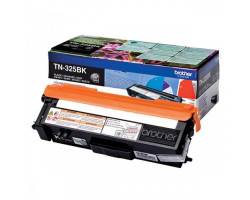 Картридж Brother TN-325Bk оригинальный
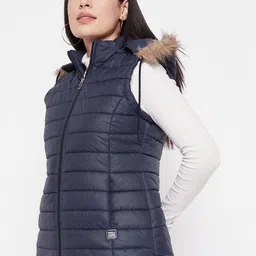VERO MODERNO Women Lightweight Puffer Jacket image 5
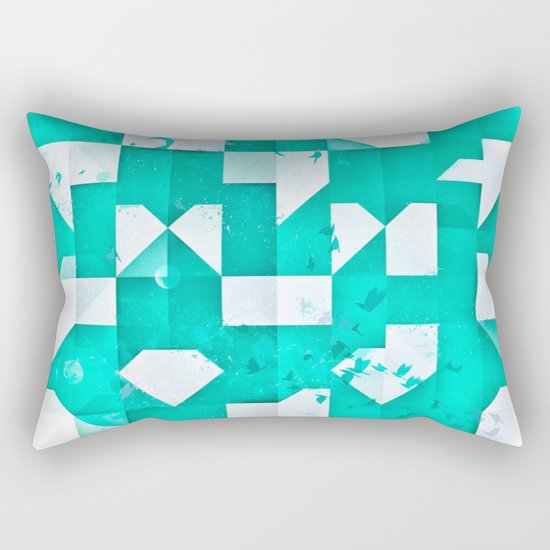 pypyr glyczyr Rectangular Pillow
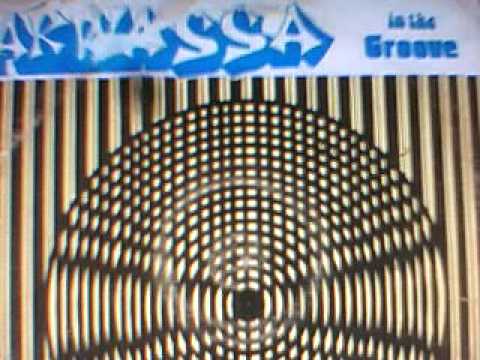 AKWASSA - In the Groove AFRO FUNK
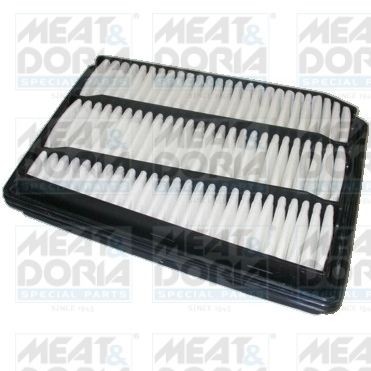 MEAT & DORIA Air filter Article number: 16037 cheaply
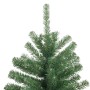 Künstlicher Weihnachtsbaum mit Scharnieren und grünem Ständer 300 cm von vidaXL, Weihnachtsbäume - Ref: Foro24-356771, Preis:...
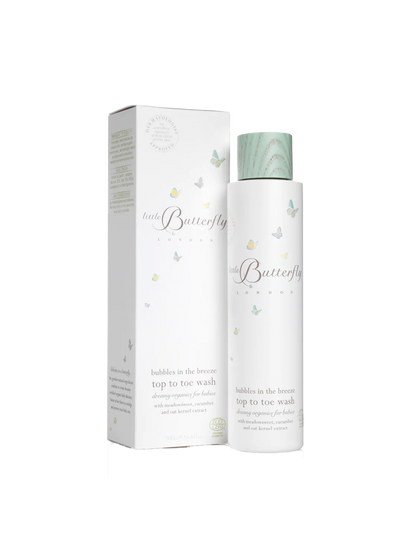 OUTLET Płyn do kąpieli od stóp do głów 0+ bébé concept BÉBÉ Concept 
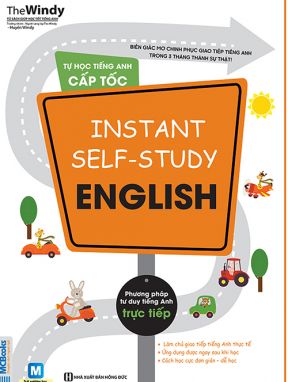 Instant self-study English - Tự học tiếng Anh cấp tốc MCB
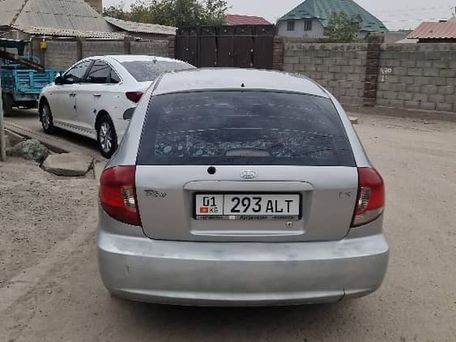 Kia Rio, 2003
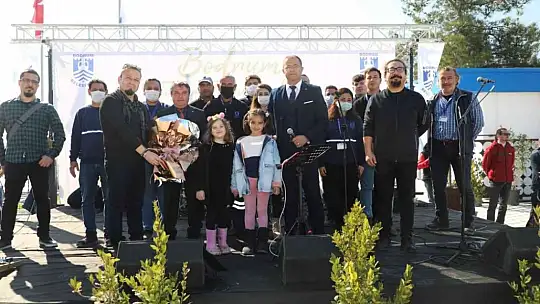 Bodrum Tohum Takas Şenliği'nde ata tohumları el değiştirdi
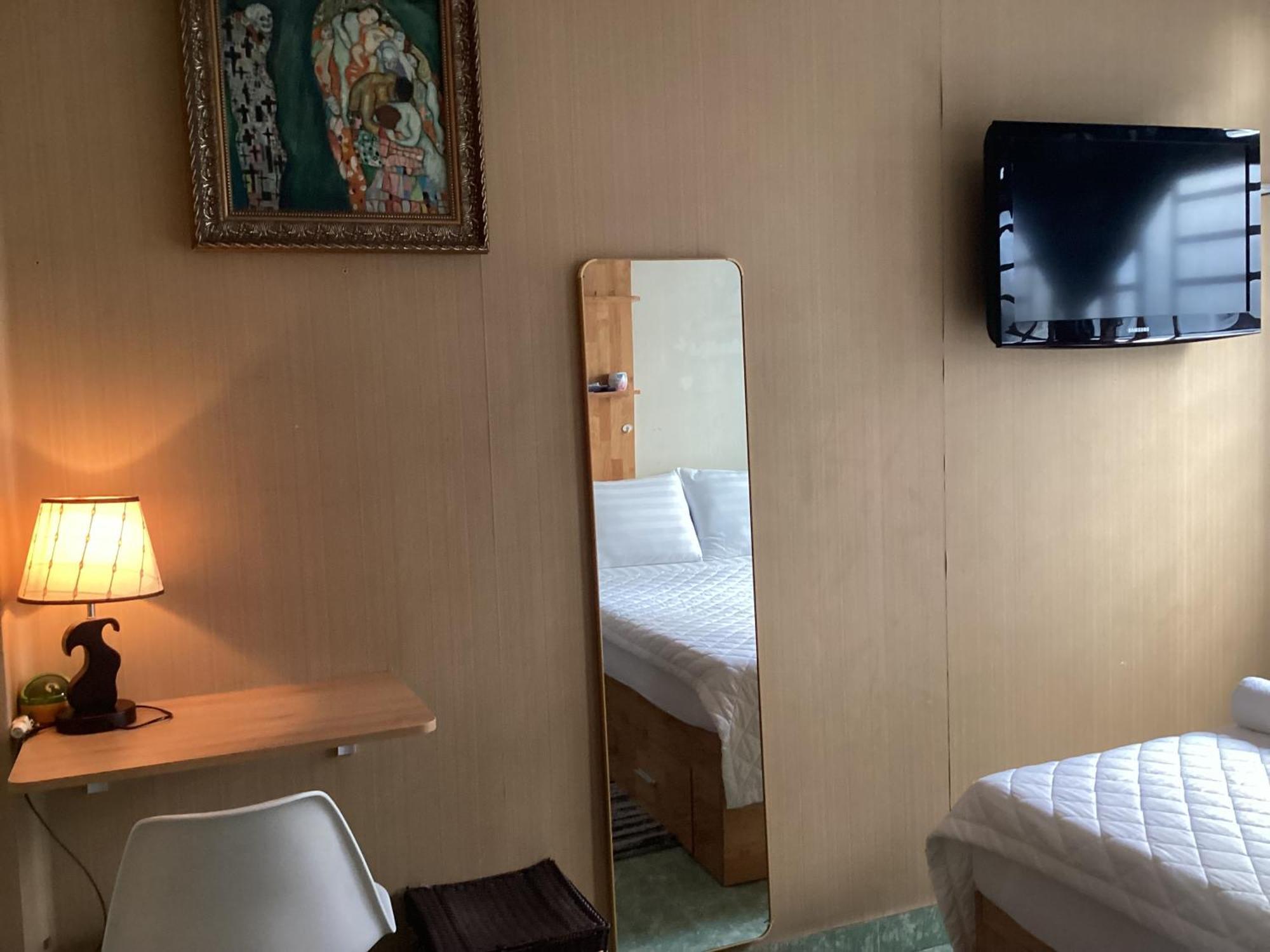 Guest House UTTRANG Hô Chi Minh-Ville Extérieur photo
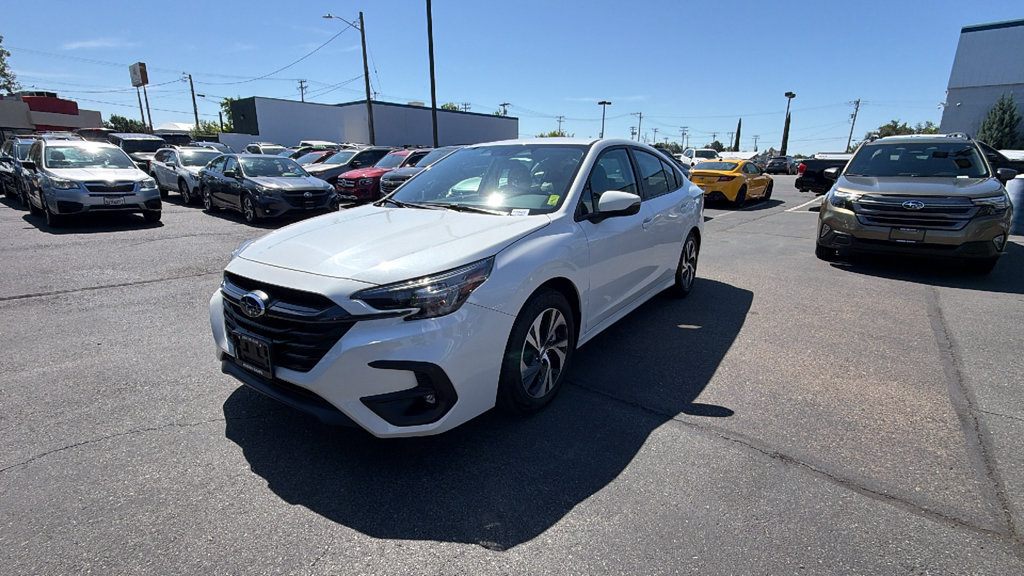 Used 2025 Subaru Legacy Premium AWD/4WD image 1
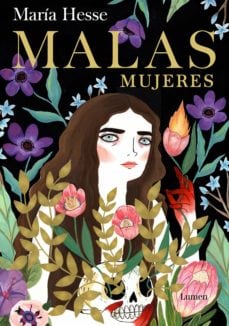 &#039;Malas mujeres&#039;, de María Hesse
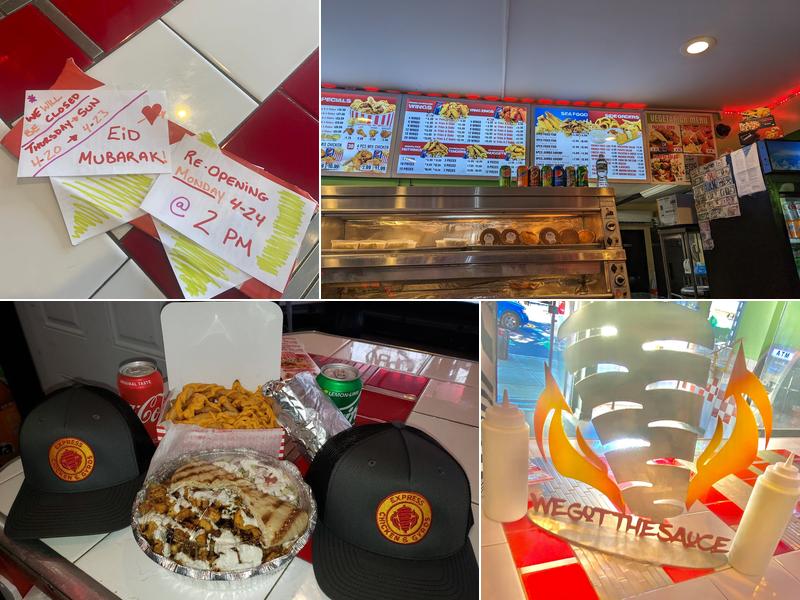 Express Chicken & Gyro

────

Reproduce the data above exactly, but only from the line containing "Instant self-study English" through the line containing "Used 2025 Subaru". Omit all pictures.

 Instant self-study English - Tự học tiếng Anh cấp tốc MCB
 Kia Rio, 2003
 Bodrum Tohum Takas Şenliği'nde ata tohumları el değiştirdi
 Guest House UTTRANG Hô Chi Minh-Ville Extérieur photo
 Used 2025 Subaru Legacy Premium AWD/4WD image 1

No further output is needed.